AS very rightly pointed out by our envoy to the UN, “Islamophobia in particular and discrimination on the basis of religion and belief are contemporary forms of racism and must be dealt with as such. Not to do so would be a clear example of double standards. Islamophobia has to be treated in law and practice equal to the treatment given to anti-Semitism.”
Hate speech laws go further. Germany punishes anyone found guilty of ‘insulting’ or ‘defaming segments of the population’. The Netherlands bans anything that ‘verbally or in writing or image, deliberately offends a group of people because of their race, their religion or beliefs, their hetero or homosexual orientation or their physical, psychological or mental handicap’. It is illegal to ‘insult’ such a group in France, to ‘defame’ them in Portugal, to ‘degrade’ them in Denmark, or to ‘express contempt’ for them in Sweden.
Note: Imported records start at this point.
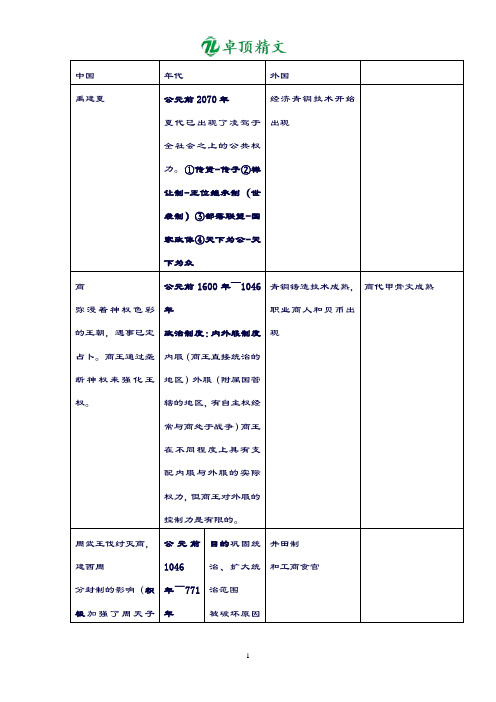 卓顶精文最新最全高中历史大事年表.doc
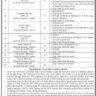 BPS-03 to BPS-16 Vacancies in District and Session Court Karachi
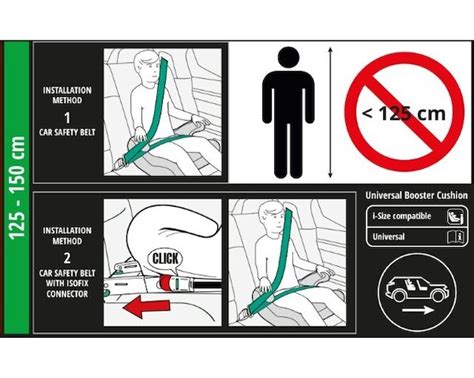 Schéma ISOFIX uchytenia autosedačky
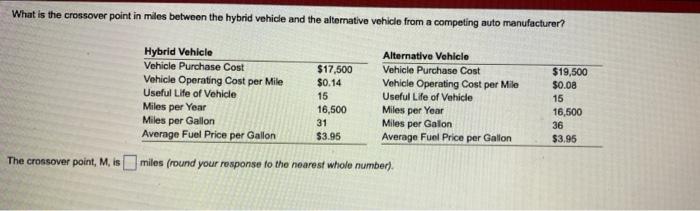 What Is The Crossover Point In Miles Between The Hybrid Vehicle And The Alternative Vehicle From A Competing Auto Manufa 1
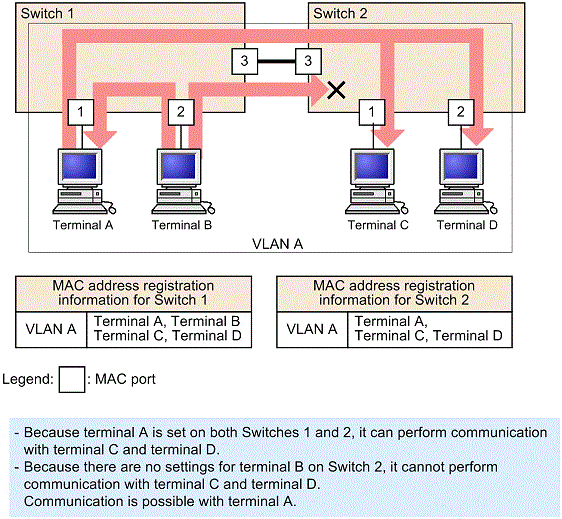 [Figure Data]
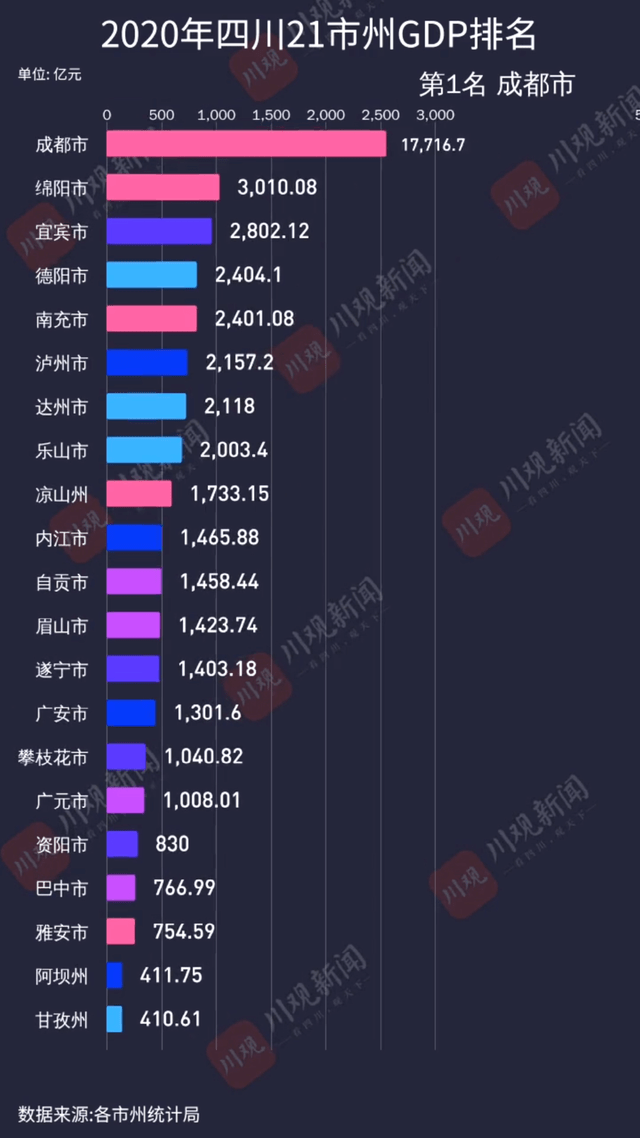 广西和四川gdp对比_2018年中国广西城市排名 GDP排行 人均GDP排行(2)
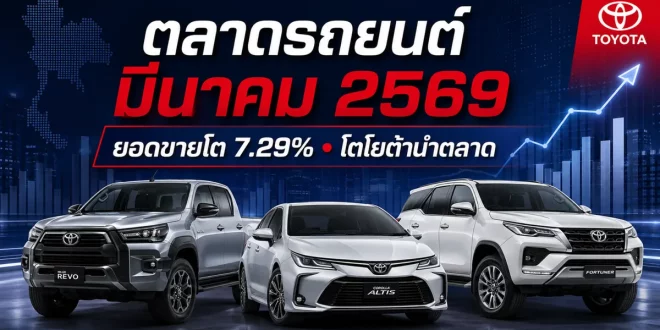 ตลาดรถยนต์เดือนมีนาคม 2569 ยอดขายโต 7.29% โตโยต้านำตลาด พร้อมรถโตโยต้าในภาพประกอบข่าว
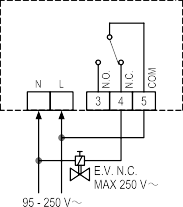 Detector BEAGLE EVO - Imagen 2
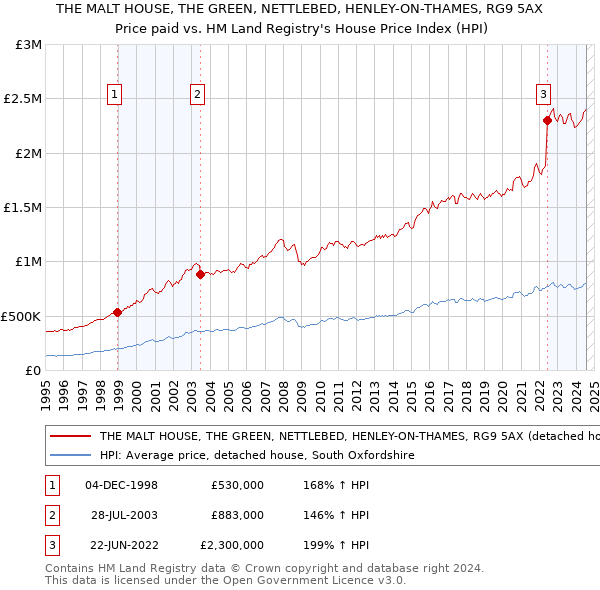 THE MALT HOUSE, THE GREEN, NETTLEBED, HENLEY-ON-THAMES, RG9 5AX: Price paid vs HM Land Registry's House Price Index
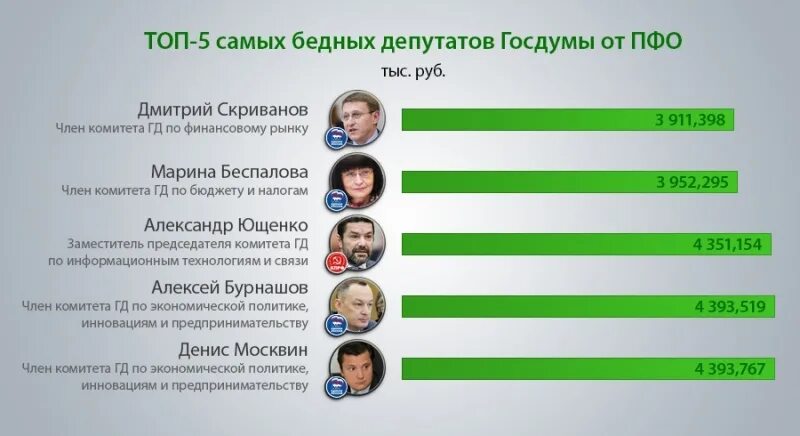 Сколько получает депутат госдумы. Список депутатов Госдумы 2021. Зарплата депутата. Зарплата депутата Госдумы. Депутаты Госдумы РФ список 2022.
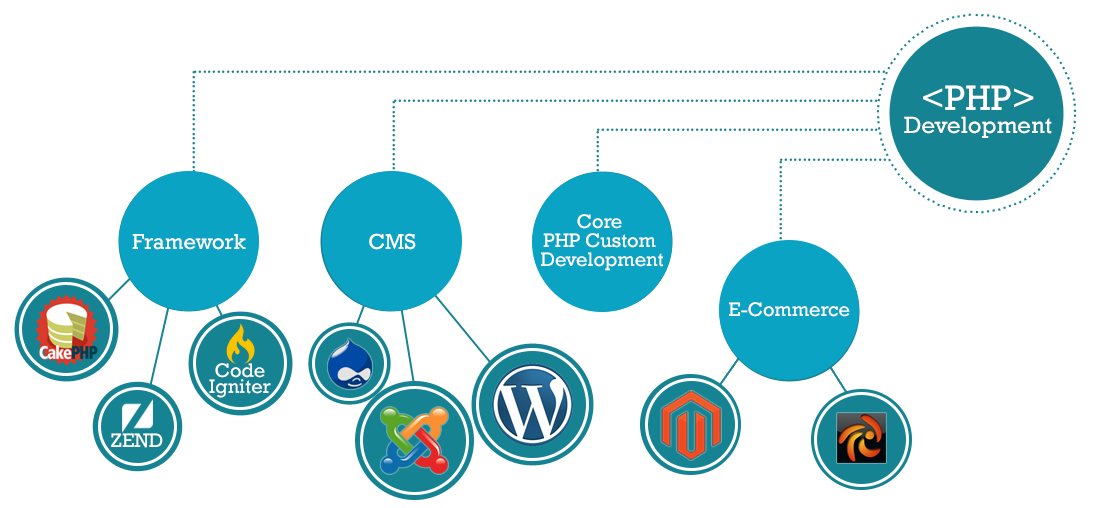 evincedev's tweet image. PHP Web App Development and customization: goo.gl/osqCOV
#php #phpwebapplication #Developer #Designer
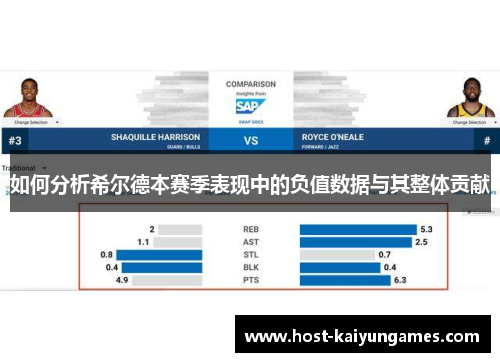 如何分析希尔德本赛季表现中的负值数据与其整体贡献 如何分析希尔德本赛季表现中的负值数据与其整体贡献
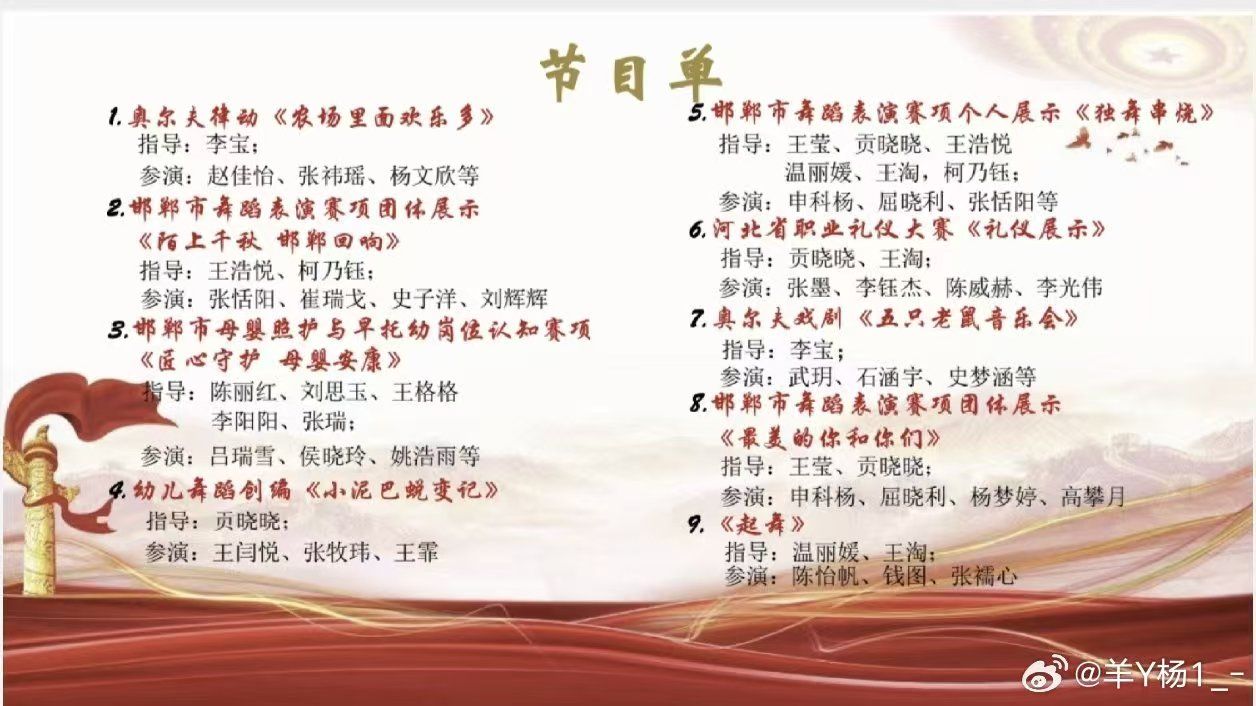 发稿作者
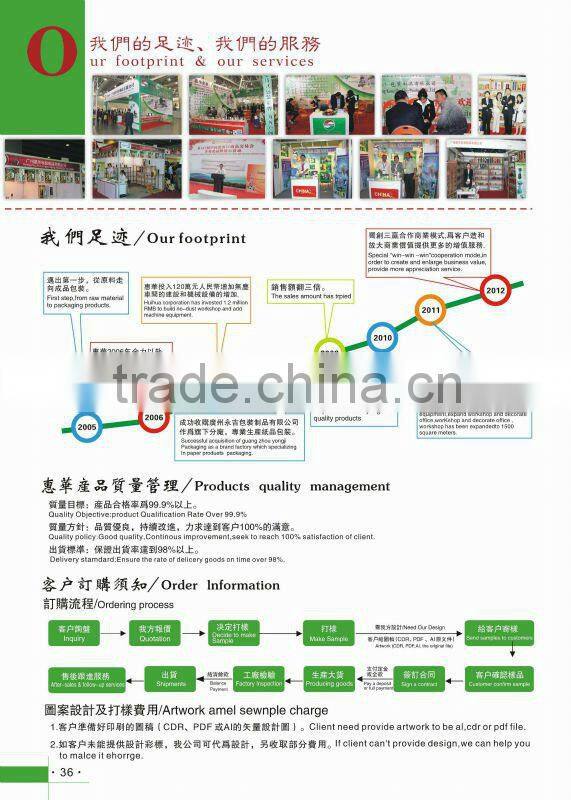 Carboard Canister Manufacturer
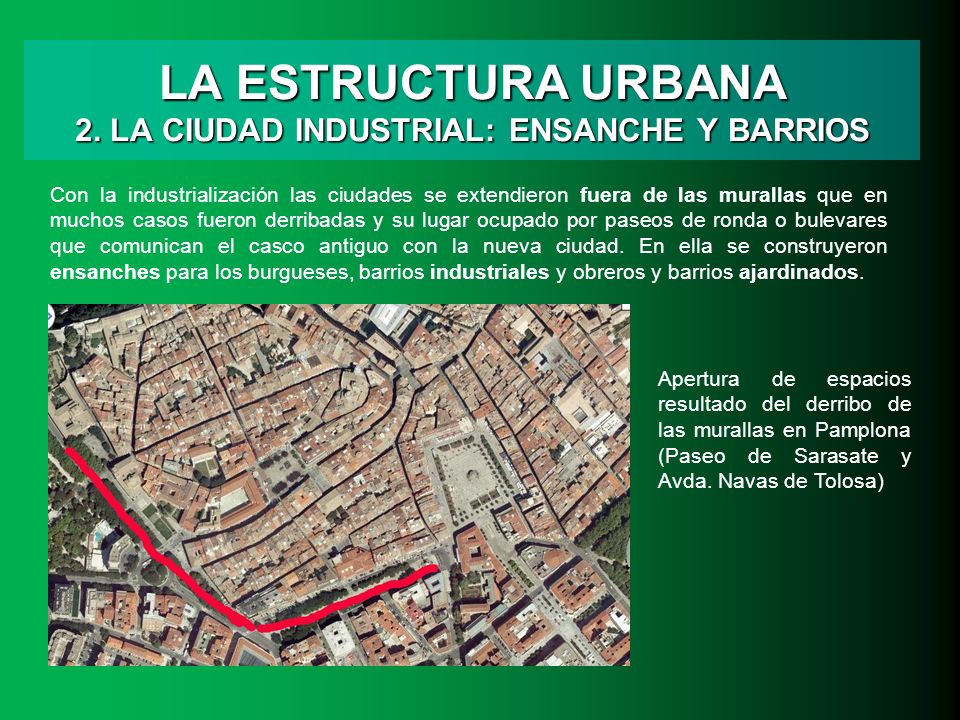 LA ESTRUCTURA URBANA 2. LA CIUDAD INDUSTRIAL: ENSANCHE Y BARRIOS
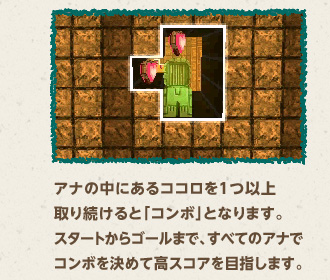 アナの中にあるココロを1つ以上取り続けると「コンボ」となります。スタートからゴールまで、すべてのアナでコンボを決めて高スコアを目指します。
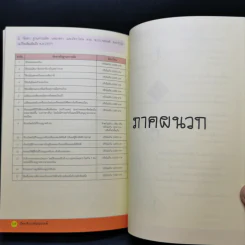 เรียนขับรถที่แอดวานซ์ เรียนและสอบใบขับขี่ที่นี่ รูปที่ 12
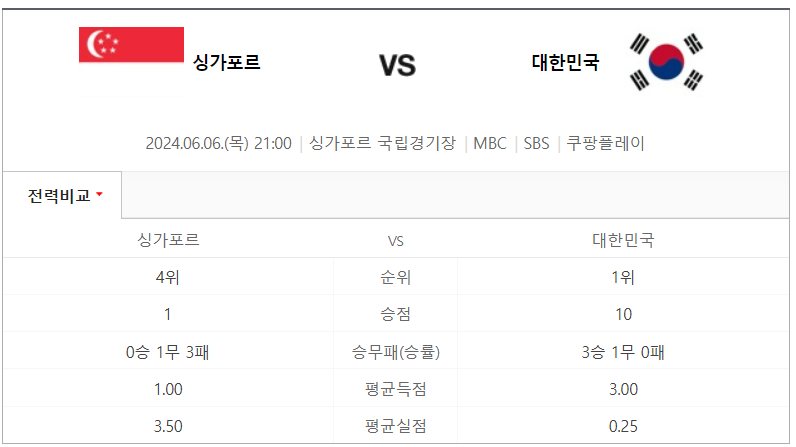 싱가포르 대한민국 월드컵 예선전 일정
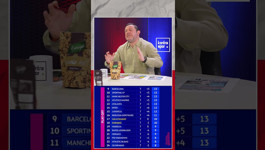 Nihat Kahveci: Listeye bakıyoruz 17. Galatasaray, 18. sıra Karabağ. Ne güzel ya! Karabağlı...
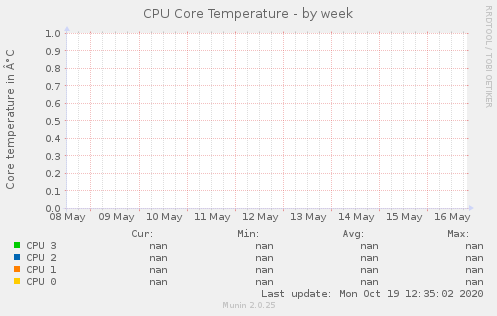 CPU Core Temperature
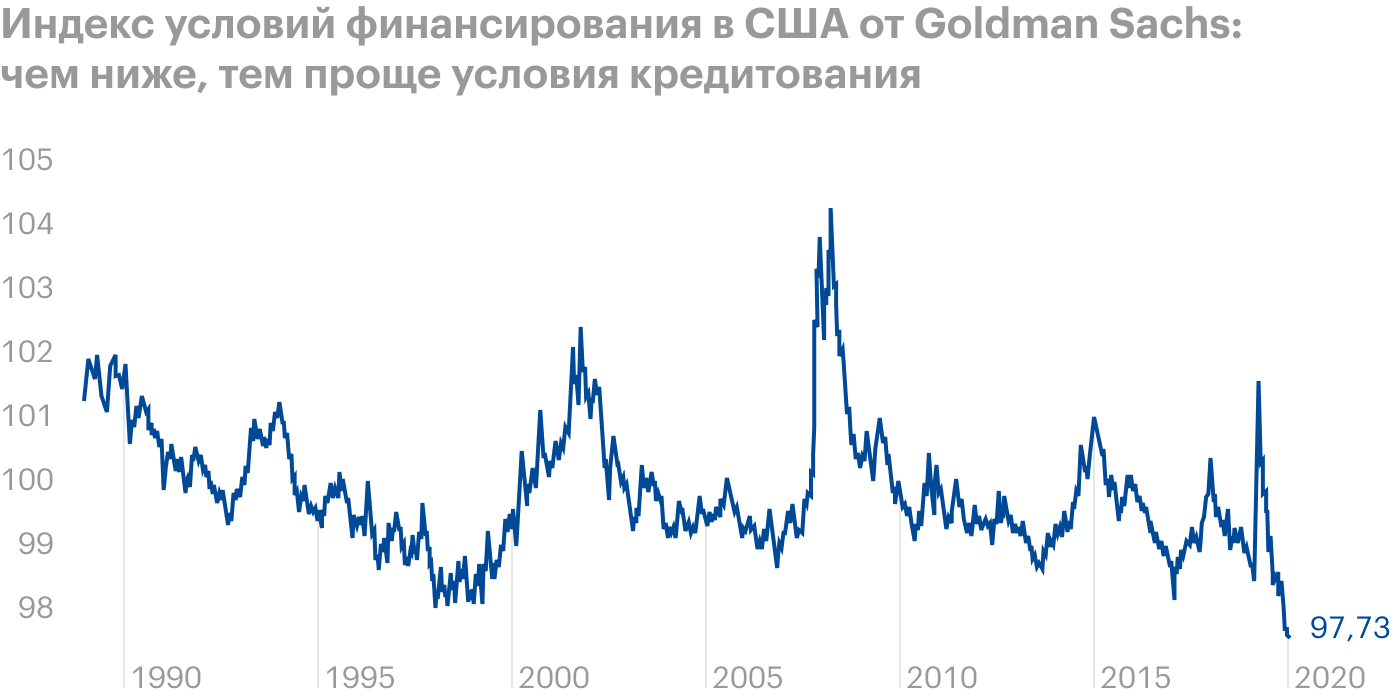 Источник: Bloomberg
In Switzerland, it is illegal to ‘demean’ them even with a ‘gesture’.
Canada punishes anyone who ‘willfully promotes hatred’.
The United Kingdom outlaws ‘insulting words or behaviour’ that promotes ‘racial hatred’. Romania forbids the possession of xenophobic ‘symbols’.
So what is stopping the United States and the European countries from promulgating legislation to prohibit hate speech against Islam and the Prophet.
If they want to preach freedom of speech around the world, they have to practise it and make their hate speech laws more sensitive to the concerns of Muslims and others.